I stand, and with each step, I become more and more aware of how unworthy I am of such a gift. Yet, he still calls to me.
Silently, I pray.
Domine, non sum dignus ut intres sub tectum meum:
sed tantum dic verbo et sanabitur anima mea.
Lord, I am not worthy that you should enter under my roof:
but only say the word, and my soul shall be healed.
No matter how many times I pray these words, it never feels like enough.
As I move closer, my heart races with anticipation. I am approaching my Lord and my God!
Each time I receive the Eucharist, my mind struggles to grasp the reality of what is happening. Jesus knows who I am, and yet he still invites me to his table. The discomfort over my sinfulness weighs heavily on my heart as I accept his invitation. I want so badly to be near to him in every way! What else can I do but acknowledge my brokenness and ask him for healing?
Walking up the aisle, I am reminded of my wedding day – a bride eager to unite with her groom.

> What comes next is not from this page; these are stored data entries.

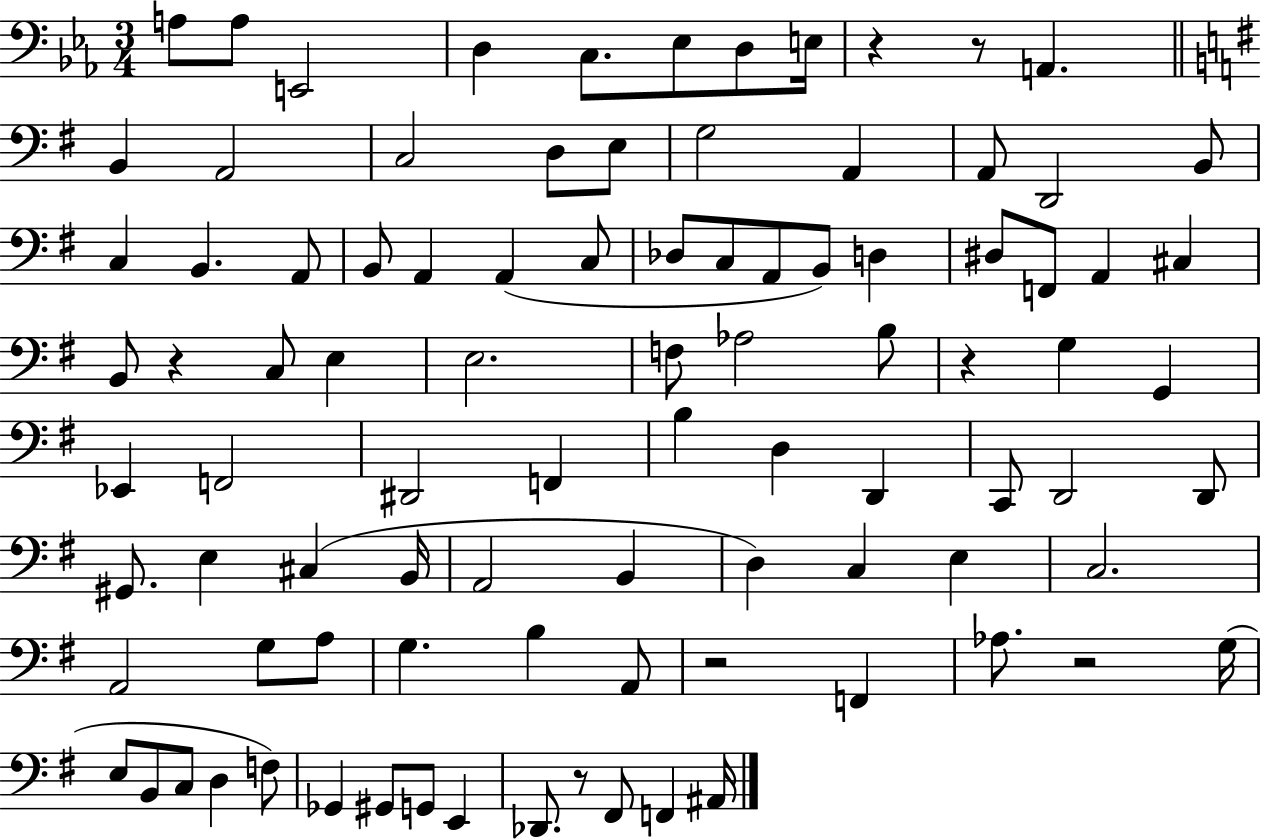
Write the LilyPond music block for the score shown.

{
  \clef bass
  \numericTimeSignature
  \time 3/4
  \key ees \major
  \repeat volta 2 { a8 a8 e,2 | d4 c8. ees8 d8 e16 | r4 r8 a,4. | \bar "||" \break \key e \minor b,4 a,2 | c2 d8 e8 | g2 a,4 | a,8 d,2 b,8 | \break c4 b,4. a,8 | b,8 a,4 a,4( c8 | des8 c8 a,8 b,8) d4 | dis8 f,8 a,4 cis4 | \break b,8 r4 c8 e4 | e2. | f8 aes2 b8 | r4 g4 g,4 | \break ees,4 f,2 | dis,2 f,4 | b4 d4 d,4 | c,8 d,2 d,8 | \break gis,8. e4 cis4( b,16 | a,2 b,4 | d4) c4 e4 | c2. | \break a,2 g8 a8 | g4. b4 a,8 | r2 f,4 | aes8. r2 g16( | \break e8 b,8 c8 d4 f8) | ges,4 gis,8 g,8 e,4 | des,8. r8 fis,8 f,4 ais,16 | } \bar "|."
}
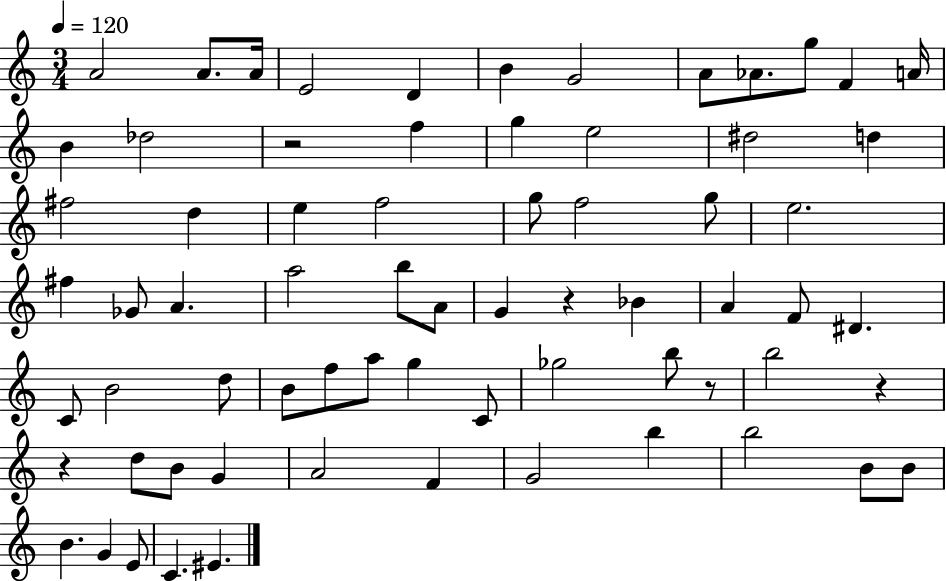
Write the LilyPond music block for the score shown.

{
  \clef treble
  \numericTimeSignature
  \time 3/4
  \key c \major
  \tempo 4 = 120
  a'2 a'8. a'16 | e'2 d'4 | b'4 g'2 | a'8 aes'8. g''8 f'4 a'16 | \break b'4 des''2 | r2 f''4 | g''4 e''2 | dis''2 d''4 | \break fis''2 d''4 | e''4 f''2 | g''8 f''2 g''8 | e''2. | \break fis''4 ges'8 a'4. | a''2 b''8 a'8 | g'4 r4 bes'4 | a'4 f'8 dis'4. | \break c'8 b'2 d''8 | b'8 f''8 a''8 g''4 c'8 | ges''2 b''8 r8 | b''2 r4 | \break r4 d''8 b'8 g'4 | a'2 f'4 | g'2 b''4 | b''2 b'8 b'8 | \break b'4. g'4 e'8 | c'4. eis'4. | \bar "|."
}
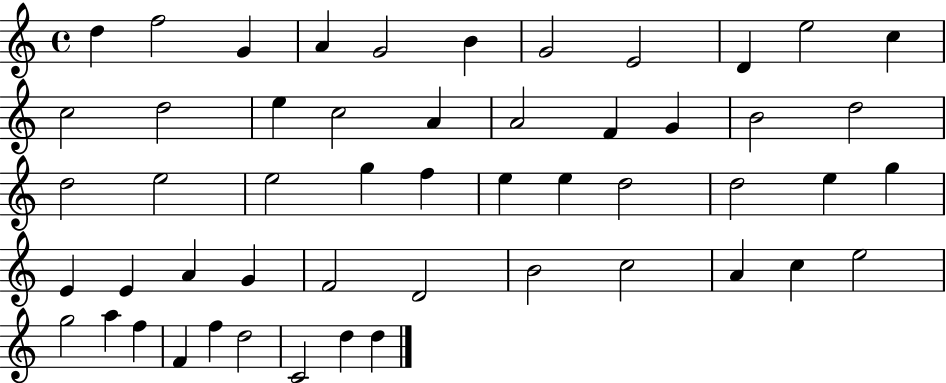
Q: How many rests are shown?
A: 0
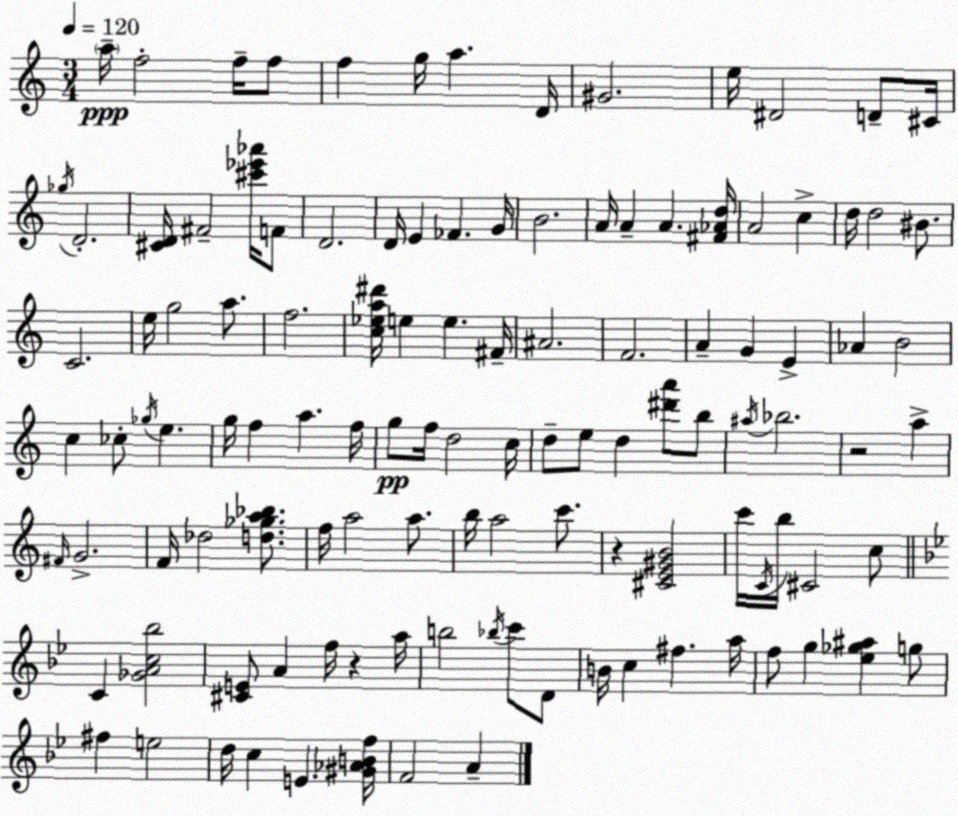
X:1
T:Untitled
M:3/4
L:1/4
K:Am
a/4 f2 f/4 f/2 f g/4 a D/4 ^G2 e/4 ^D2 D/2 ^C/4 _g/4 D2 [^CD]/4 ^F2 [^c'_e'_a']/4 F/2 D2 D/4 E _F G/4 B2 A/4 A A [^F_Ad]/4 A2 c d/4 d2 ^B/2 C2 e/4 g2 a/2 f2 [c_ea^d']/4 e e ^F/4 ^A2 F2 A G E _A B2 c _c/2 _g/4 e g/4 f a f/4 g/2 f/4 d2 c/4 d/2 e/2 d [^d'a']/2 b/2 ^a/4 _b2 z2 a ^F/4 G2 F/4 _d2 [d_ga_b]/2 f/4 a2 a/2 b/4 a2 c'/2 z [^CE^GB]2 c'/4 C/4 b/4 ^C2 c/2 C [_GAc_b]2 [^CE]/2 A f/4 z a/4 b2 _b/4 c'/2 D/2 B/4 c ^f a/4 f/2 g [_e_g^a] g/2 ^f e2 d/4 c E [^G_ABf]/4 F2 A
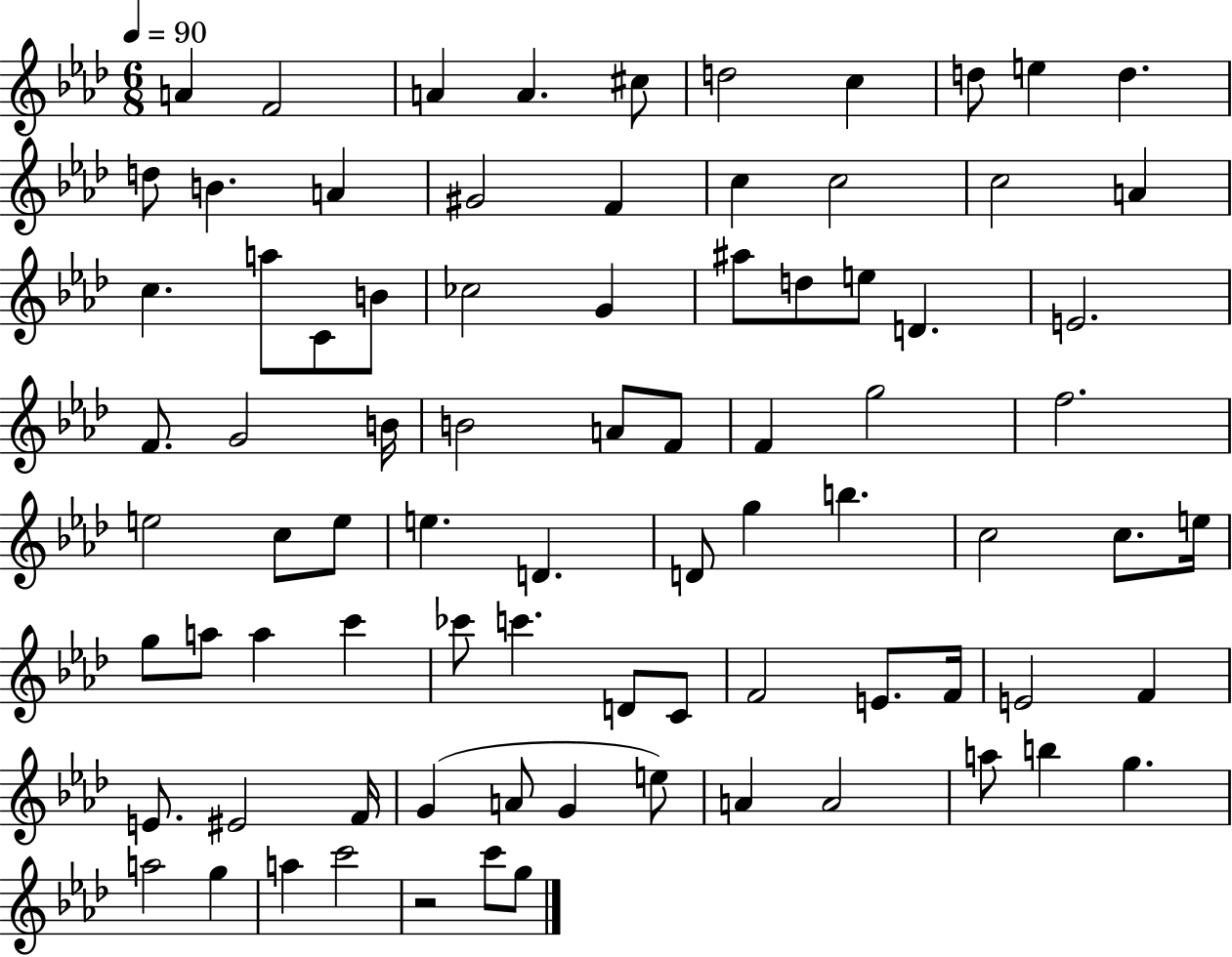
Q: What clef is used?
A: treble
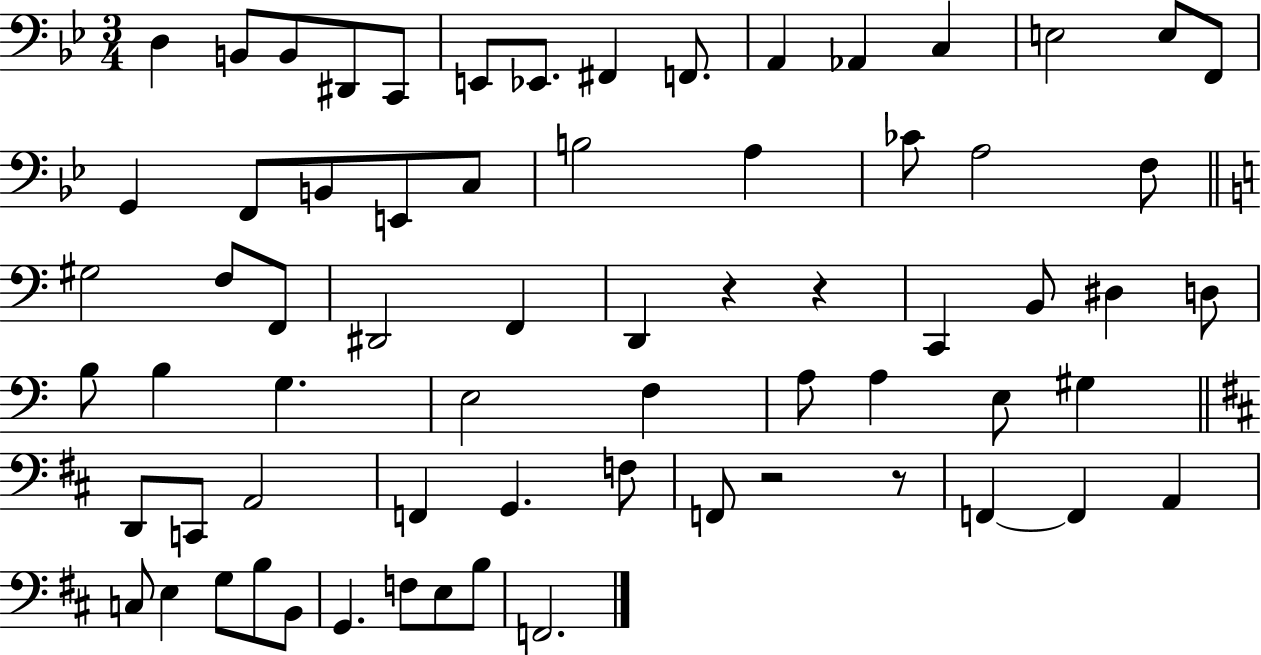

I kneel at the altar rail with my heart bursting with love as I look up at the Eucharist and give my whole heart to Jesus.
In that moment, I am completely aware of my smallness. Like a child presenting her father with the gift of her drawings on a crumpled piece of paper, all I have is my messy, broken life to give him.
Yet, he still loves me.
Jesus not only accepts my heart, broken pieces and all, but in the precious gift of the Eucharist, he offers me his own.